O silêncio da vida é a paz excedendo

Toda compreensão e entendimento.
O coração meu na rocha se firmou,
Em mim não há mais temor algum
Toda confusão e embaraço desfez.

Junto ao chão é que posso crescer,
Semente oculta, brota criando raiz.
No pó me fortaleço buscando a ti
A gratidão me leva a estar aos pés.

Só cresço se estiver próximo à terra,
Rosto no pó, lágrimas regando o chão,
A grandeza está em se fazer pequeno,
A vida iniciou quando morri pra mim.


#papolivre

Algumas coisas a gente só descobre a importância após aceitar o que precisa ser feito e tomar iniciativa. Não é fácil escalar um monte e, além de esforço, fazer isso exigirá persistência, porém todo cansaço é recompensado assim que se chega ao topo – de onde se tem uma visão espetacular – e é aí que se percebe o contraditório prazer gerado pelas dificuldades e empecilhos.

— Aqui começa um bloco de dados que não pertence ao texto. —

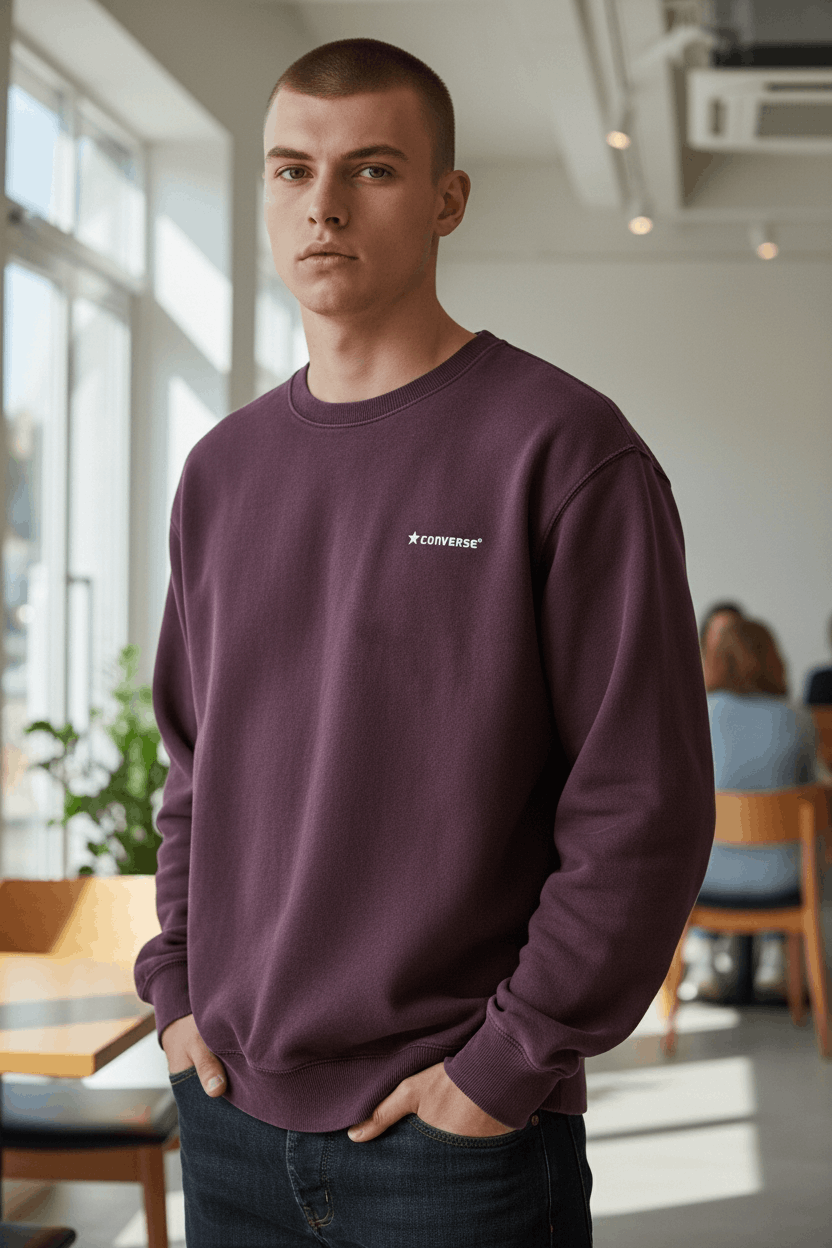 Converse Vintage 2000's CONVERSE Plain Jumper Sweatshirt Size US XL / EU 56 / 4 - 1 Thumbnail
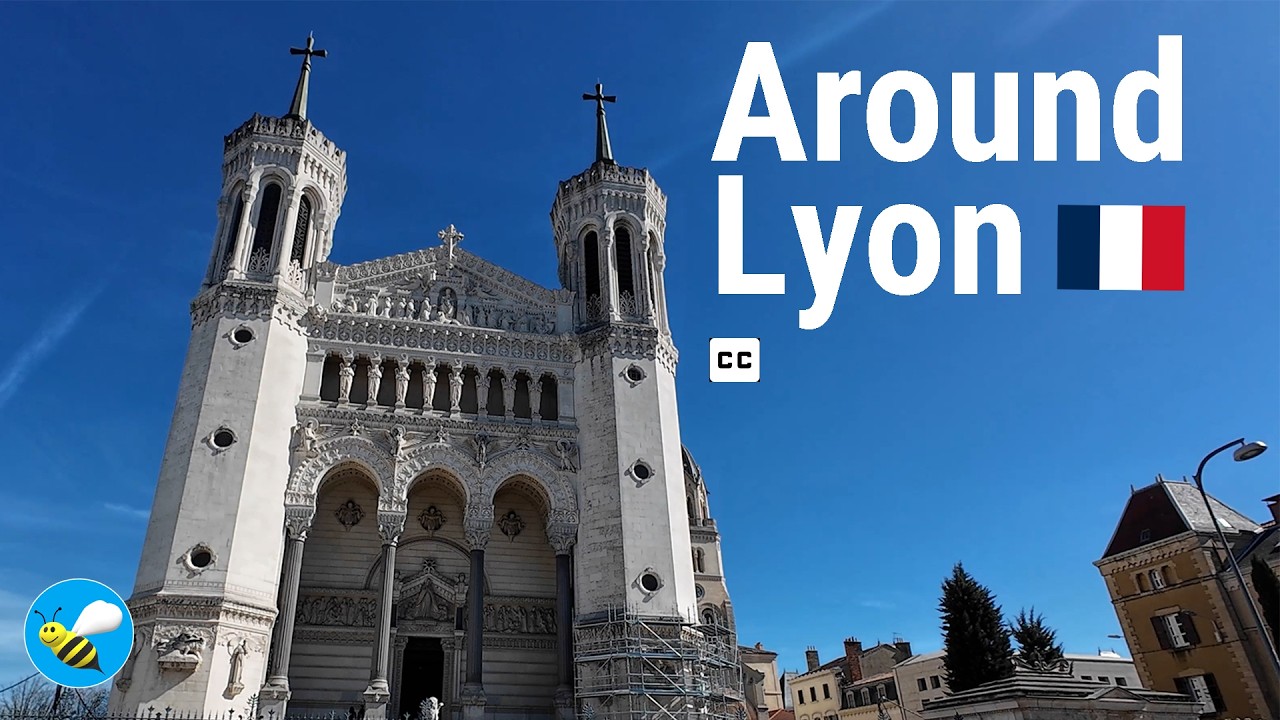 4K Around Lyon, France || Exploring France's 3rd city, including the UNESCO World Heritage Site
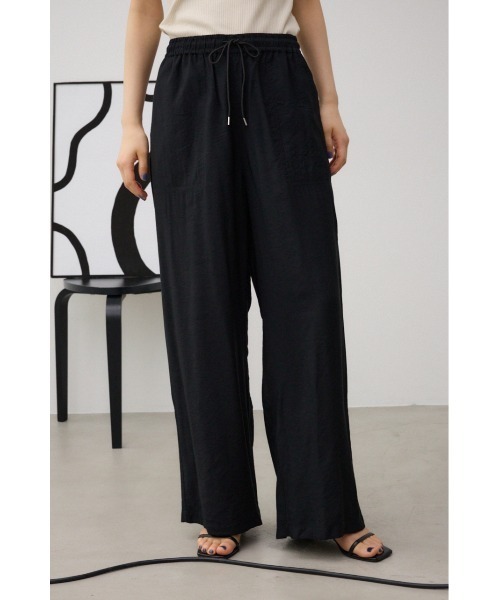AZUL by moussy(アズールバイマウジー)の「ツイルイージーパンツ(その他パンツ・レディース・ブラウン/レッド/ブラック/アイボリー/マルチ・SMALL/MEDIUM)」の3枚目の写真
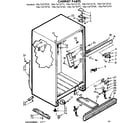 Kenmore 1067675721 cabinet parts diagram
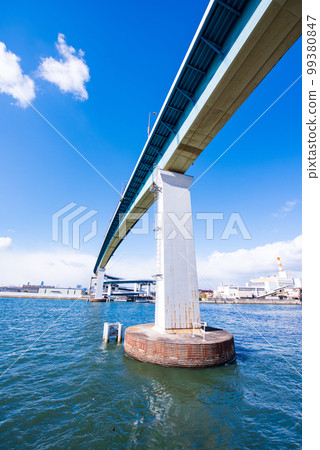 Osaka City Senbonmatsu Ohashi Loop Bridge 99380847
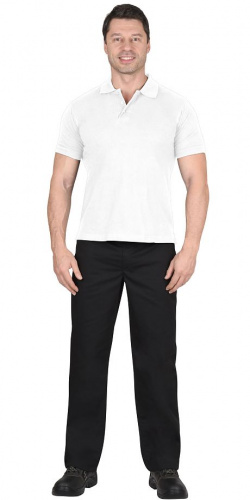 Рубашка-поло белая 180 г/кв.м.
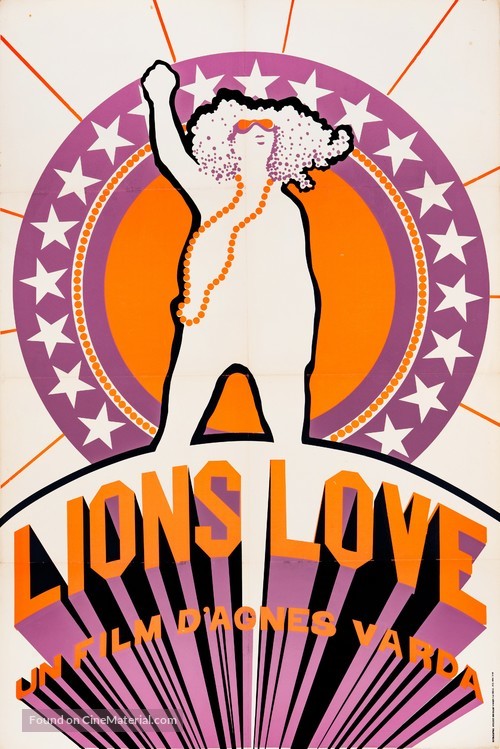 Lions Love - French Movie Poster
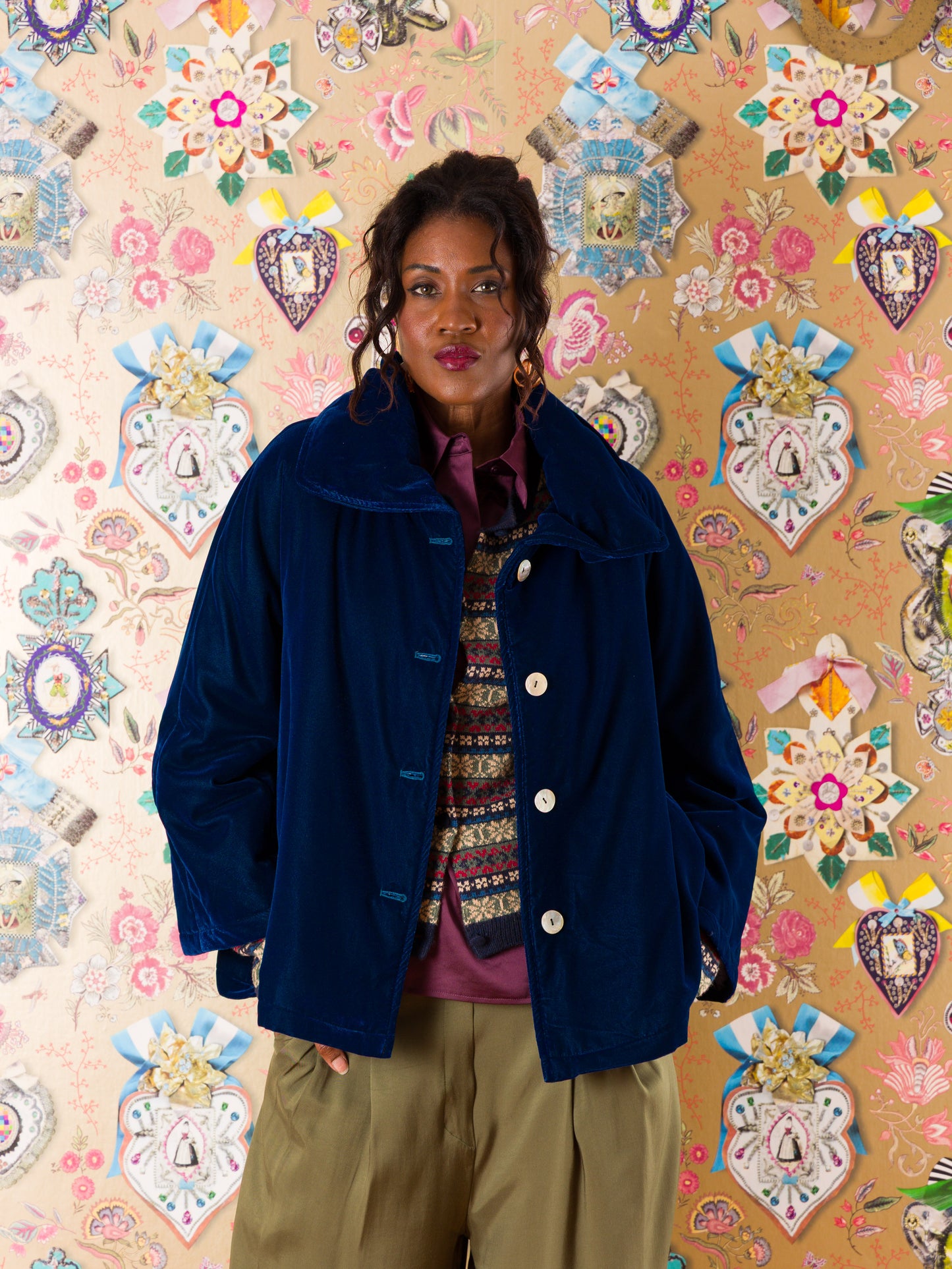 Giacca Lorca in velluto di seta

Esse poema surgiu num dia de muita inspiração, fora ele, compus mais alguns – sem falar nos que deixei rascunhados. Ao começar a escrita, uma enxurrada de lucidez me levou a diferentes caminhos que foram se tornando em diferentes poemas – algo até bem comum de acontecer.

Dos que nasceram nesse dia, esse é o último – talvez seja esse o motivo de o considerar com mais consistência que os demais. Quanto aos outros não sei mais quem são, apenas que aguardam a vez de virem a luz de leitura.